Ultimately, while the core verified logic of lean-zip held up impressively, the findings underscore that formal verification is only as strong as its specifications and the integrity of its underlying runtime and unverified dependencies. The bugs lay outside the strict boundaries of what was explicitly proven, prompting reflection on the scope and implications of verification claims.
The Gossip
Title Tiff
Many commenters debated whether the story's title was misleading, arguing that the author found no bugs in the *formally proven* part of the `lean-zip` codebase. Critics called it 'clickbait,' suggesting it implied a flaw in the verification process itself rather than in the runtime or unverified components. The author, 'gopiandcode,' defended the title, asserting that from an end-user perspective, a bug in any part of the binary, especially if advertised as 'verified,' constitutes a failure, and clarified that the unverified parser *was* part of the `lean-zip` project.
Verification's Vulnerabilities
This theme explored the inherent limitations of formal verification. Commenters emphasized that verification is only as good as its specifications, highlighting the challenge of perfectly capturing human intention and anticipating all edge cases ('spec bugs').
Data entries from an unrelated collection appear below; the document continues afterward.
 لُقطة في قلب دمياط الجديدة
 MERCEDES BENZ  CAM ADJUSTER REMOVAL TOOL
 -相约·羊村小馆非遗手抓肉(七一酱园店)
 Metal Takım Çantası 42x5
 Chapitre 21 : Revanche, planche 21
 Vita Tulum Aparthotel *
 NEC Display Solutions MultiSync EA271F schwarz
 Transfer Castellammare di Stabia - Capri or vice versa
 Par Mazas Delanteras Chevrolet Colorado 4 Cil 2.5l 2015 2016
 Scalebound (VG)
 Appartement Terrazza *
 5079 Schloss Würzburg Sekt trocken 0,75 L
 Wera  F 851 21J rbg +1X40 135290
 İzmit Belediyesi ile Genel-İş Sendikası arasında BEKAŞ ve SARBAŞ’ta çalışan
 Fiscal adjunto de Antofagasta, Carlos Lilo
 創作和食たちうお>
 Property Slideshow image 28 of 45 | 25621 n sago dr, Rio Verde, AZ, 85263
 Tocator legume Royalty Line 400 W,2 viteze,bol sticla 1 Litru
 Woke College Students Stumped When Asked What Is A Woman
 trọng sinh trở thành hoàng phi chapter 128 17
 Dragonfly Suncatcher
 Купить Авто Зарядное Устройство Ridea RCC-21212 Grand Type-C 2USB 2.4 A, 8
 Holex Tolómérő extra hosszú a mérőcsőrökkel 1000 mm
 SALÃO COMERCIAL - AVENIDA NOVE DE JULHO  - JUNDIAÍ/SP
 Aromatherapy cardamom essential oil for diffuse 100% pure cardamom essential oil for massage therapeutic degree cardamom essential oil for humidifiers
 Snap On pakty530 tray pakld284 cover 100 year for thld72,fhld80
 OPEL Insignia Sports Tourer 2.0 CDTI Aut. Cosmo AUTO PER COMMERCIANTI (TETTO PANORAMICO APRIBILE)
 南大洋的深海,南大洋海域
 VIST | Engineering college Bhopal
The discussion pointed out that formal verification cannot guarantee correctness if the underlying 'trusted computing base' (like the Lean runtime, OS, or hardware) has flaws, or if critical components like parsers are left unverified. Many stressed that verification proves adherence to a *specific* specification, not general bug-freeness.
Philosophical Proof Problems
A significant philosophical debate emerged regarding the possibility of 'proving a negative' (e.g., proving a program has no bugs) and the implications of the Halting Problem. Some argued that proving the *absence* of bugs is impossible, leading to an infinite regress of verification. Others countered that 'proving a negative' is routine in mathematics and formal logic, and that the Halting Problem's limitations apply to *arbitrary* programs, not necessarily the specific, well-defined problems addressed by formal verification. The core idea is that while perfect certainty might be elusive, formal methods significantly reduce the scope for error.